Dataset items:
════════

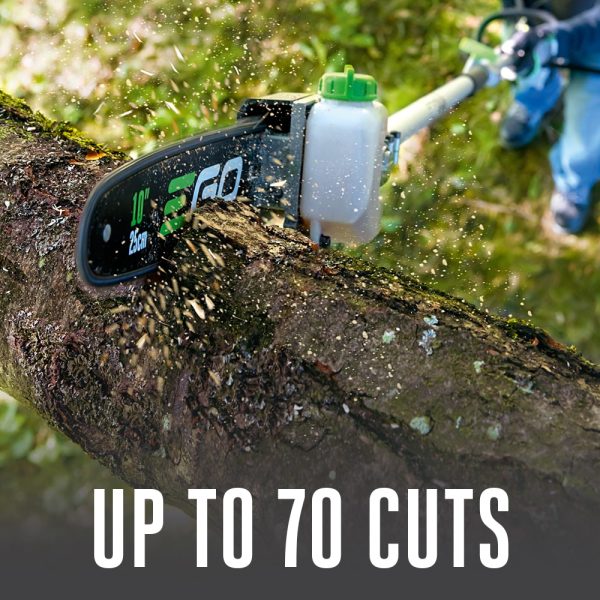 MPS1001 POWER+ Multi-Head System 56-volt 10-in Cordless Electric Pole Saw 2.5 Ah (Battery   Charger Included) - Image 7
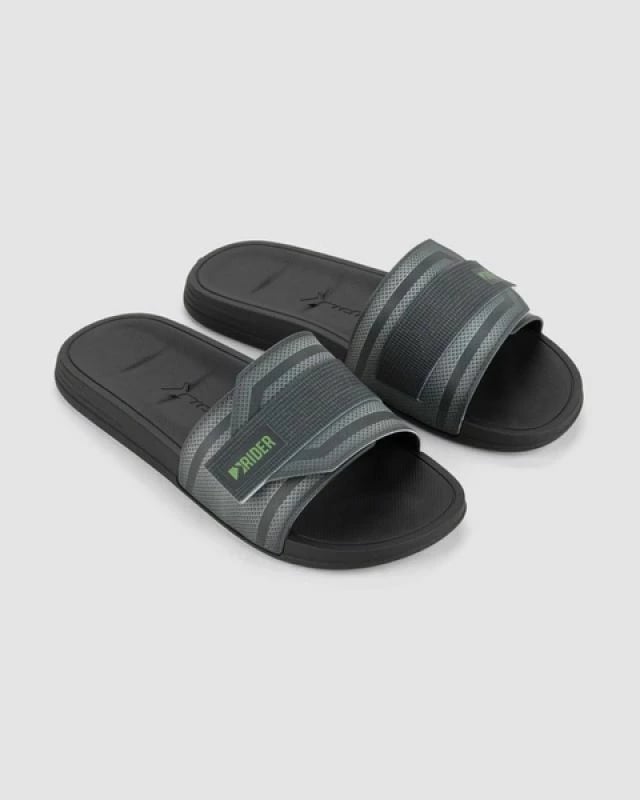 Flip-flopa për meshkuj Rider, gri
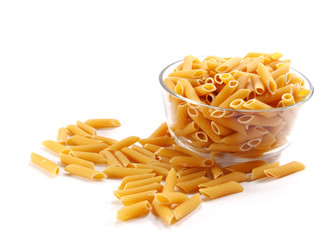 macaroni italian pasta close up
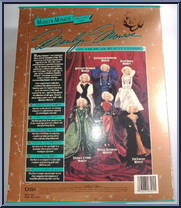Emerald Evening Marilyn from Marilyn Monroe Collector's Series - Basic Series manufactured by DSI [Back]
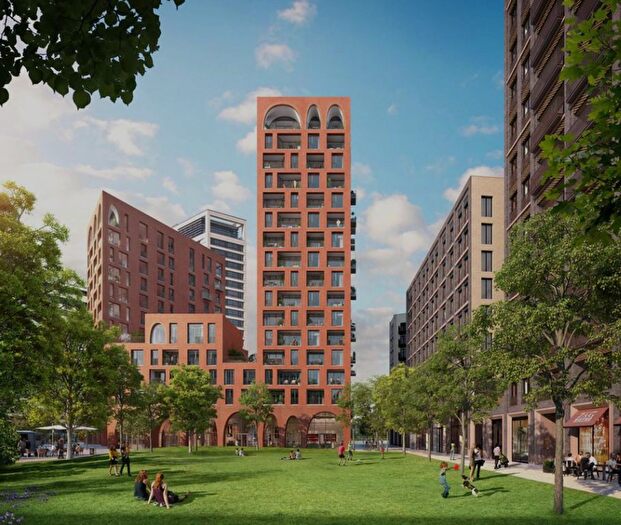 2 Bedroom Property To Rent In Lewis Cubitt Walk, Cadence Court, N1C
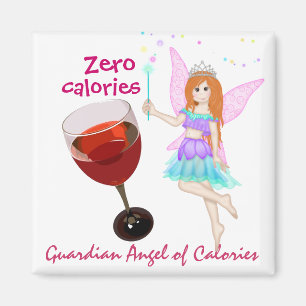 Guardian Angel of Calories van SRF Magneet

════════

**Your assignment**: Your answer must contain the full data, repeated exactly, without pictures.

**Response area**:
 MPS1001 POWER+ Multi-Head System 56-volt 10-in Cordless Electric Pole Saw 2.5 Ah (Battery   Charger Included) - Image 7
 Flip-flopa për meshkuj Rider, gri
 macaroni italian pasta close up
Emerald Evening Marilyn from Marilyn Monroe Collector's Series - Basic Series manufactured by DSI [Back]
 2 Bedroom Property To Rent In Lewis Cubitt Walk, Cadence Court, N1C
 Guardian Angel of Calories van SRF Magneet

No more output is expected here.